Image-caption web data

□ □ □ □ □ □ □

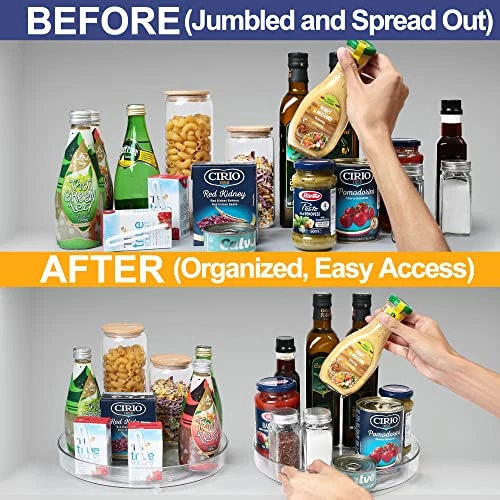 Lazy Susan Organizers, 4 Pack 10.6” Clear Lazy Susan Turntable For Kitchen, Cabinet, Fridge, Pantry, Countertop, Bathroom Storage 4 Lazy Susan Organizers, 4 Pack 10.6” Clear Lazy Susan Turntable For Kitchen, Cabinet, Fridge, Pantry, Countertop, Bathroom Storage - Image 4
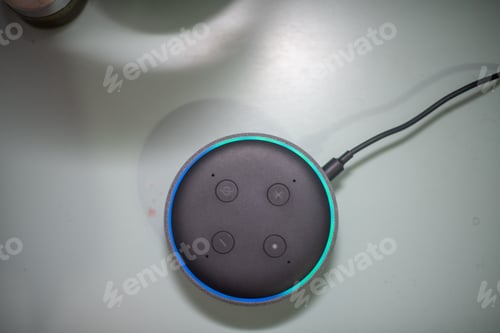 Preview: High angle view shot from directly above of smart speaker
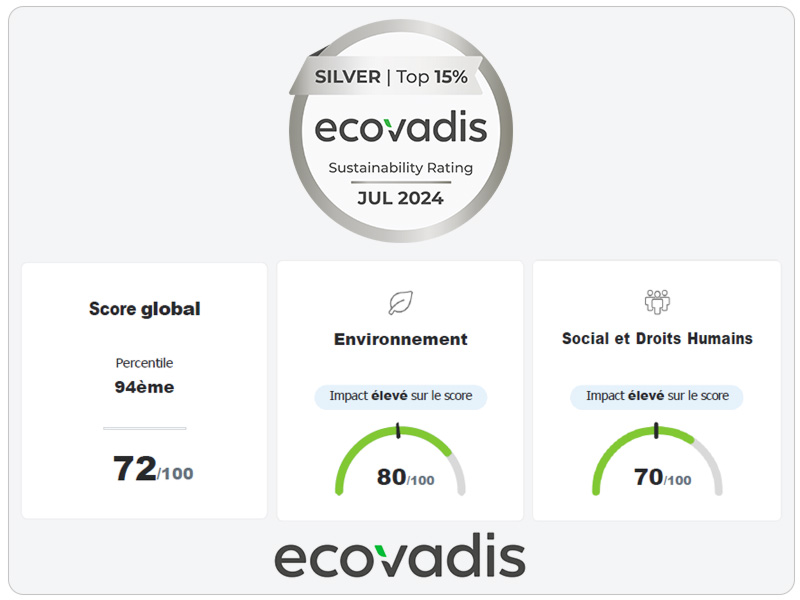 détails de la Médaille d'argent Ecovadis 2024-2025 accordé à Meridies (RSE)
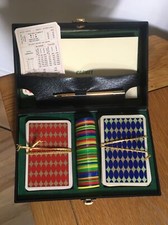 Vintage Playing Cards Box Leather Bridge Set Poker Carnet - Cartes A Jouer
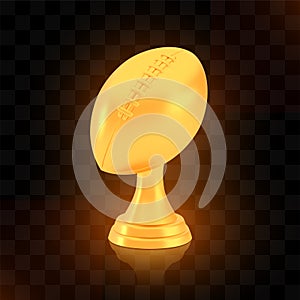 Winner american football cup award, golden trophy logo isolated on black transparent background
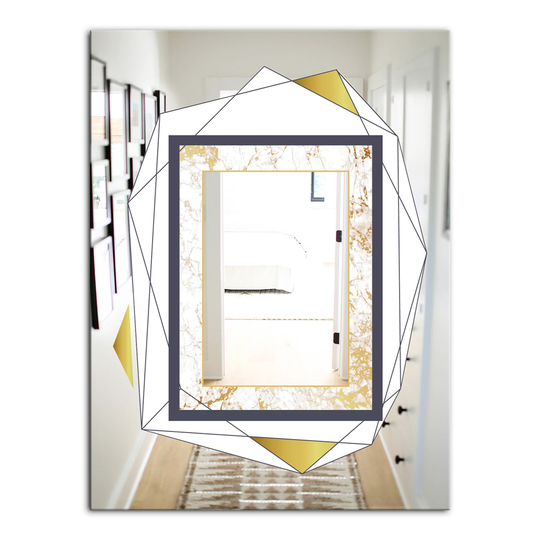 Designart Capital Gold Essential 14 Rectangular 35.4-in L x 23.6-in W Polished Glam Wall Mounted Mirror
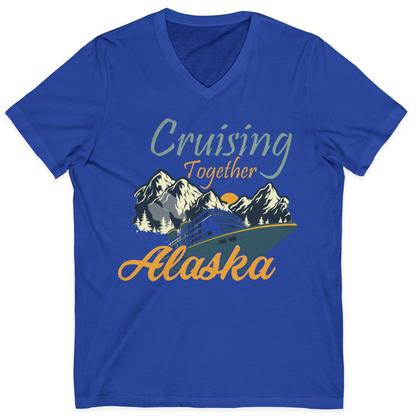 Cruising Together Alaska Mountains Family Alaska Cruise Adventure Shirt — V-Neck V-Neck Shirt – True Royal – Alaska Cruise Shirts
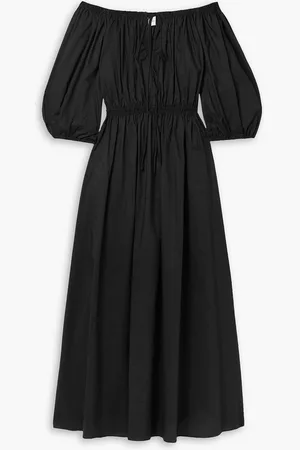 MATTEAU Off-the-shoulder cotton-poplin midi dress - - 5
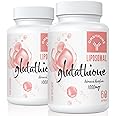 Liposomal Glutathione Supplement 1000mg, Reduced Glutathione Softgels with Vitamin C, for Anti-Aging, Detox, Brain, Immune Health, Better Absorption, L-Glutathione 120 Capsules (2 Bottles)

□ □ □ □ □ □ □

● **What to work on**
The lines from the one containing "Designart Capital Gold" to the last line of the records, both included: print exactly those and nothing else, leaving out any pictures.

● **Response area**
 Designart Capital Gold Essential 14 Rectangular 35.4-in L x 23.6-in W Polished Glam Wall Mounted Mirror
 Cruising Together Alaska Mountains Family Alaska Cruise Adventure Shirt — V-Neck V-Neck Shirt – True Royal – Alaska Cruise Shirts
 MATTEAU Off-the-shoulder cotton-poplin midi dress - - 5
 Liposomal Glutathione Supplement 1000mg, Reduced Glutathione Softgels with Vitamin C, for Anti-Aging, Detox, Brain, Immune Health, Better Absorption, L-Glutathione 120 Capsules (2 Bottles)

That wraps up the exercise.